The situation with news websites reminds me in many ways of the situation with university presses: each publisher is so preoccupied with trying to make ends meet that they can’t afford to invest in solutions that will help preserve their content. Preserving content is not only altruistic (ensuring that it’s available for historians) but also has the potential to lead to increased revenue—”monetizing your backlist” by keeping your products available for sale for longer and/or repackaging them in new ways.
However, in this regard, news organizations that publish online have a significant advantage over university presses for digital preservation: they generally already use a content management system not only for publishing but for managing all stages of the editing process. Therefore, their content is already in a rich, fairly standard format within this CMS. Compare this with university presses, in which the common format for their products is most often only PDF files.
An organization operating a CMS has an opportunity to integrate archiving into the act of publishing or updating content within the CMS. Instead of archiving after the fact of publication (as some scholarly publishers do when delivering content to Portico), the CMS could automatically send a copy of each newly created or newly revised webpage to a trusted archive of the content that would only make the content available in case of “trigger event”. Such an archive would be a third party trusted by competing publishers, like Portico, and would need to have an automated mechanism for receiving and archiving content. Unlike pure web crawling efforts, this could catch every revision of an article, and it could include content behind a paywall.

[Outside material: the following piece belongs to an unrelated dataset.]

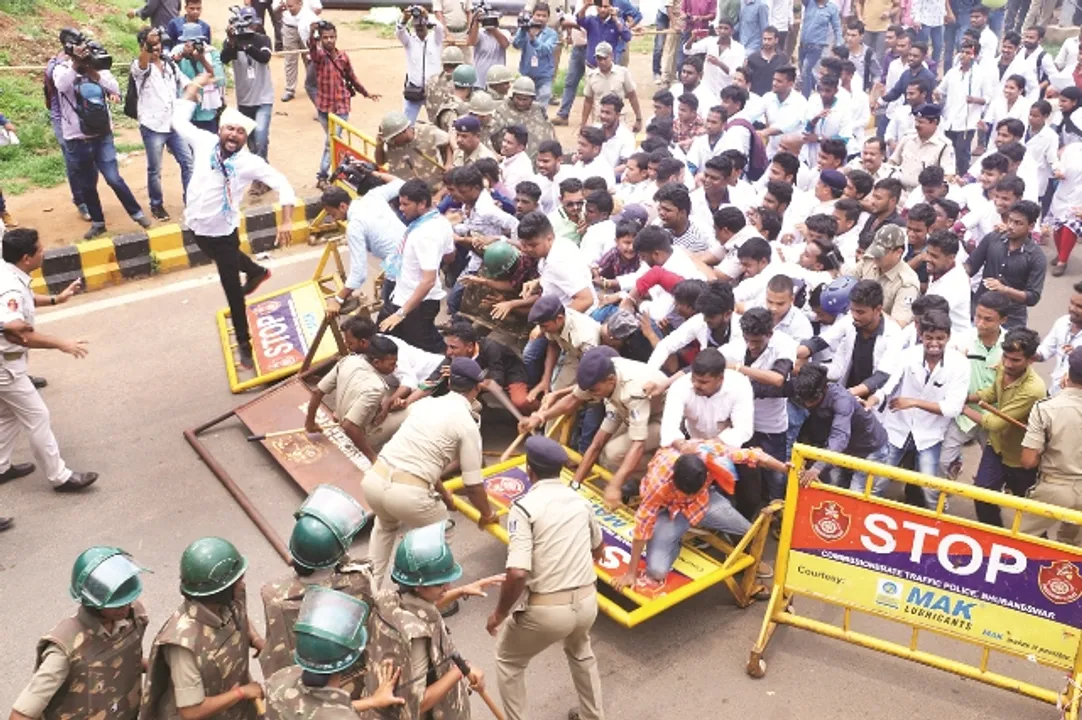  ରାଜମହଲ ଛକରେ ପୁଲିସ ସହ ଧସ୍ତାଧସ୍ତି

The staff at Portico do quite a bit to normalize scholarly content they receive into a standard XML format suitable for preservation, but since there isn’t an equivalent standard, archival-quality format for online news content, the CMS would likely have to deliver the HTML source, plus embedded media files, “as is”. Still, HTML is far from the worst content for preservation (web browsers do an excellent job of rendering nearly any HTML document, even those created many years ago), and non-HTML content would be in no worse shape than if no one had saved it at all.
So we just need to create the trusted third-party archive and create plugins for automatic deposit into that archive for the various CMSes in use. Easy!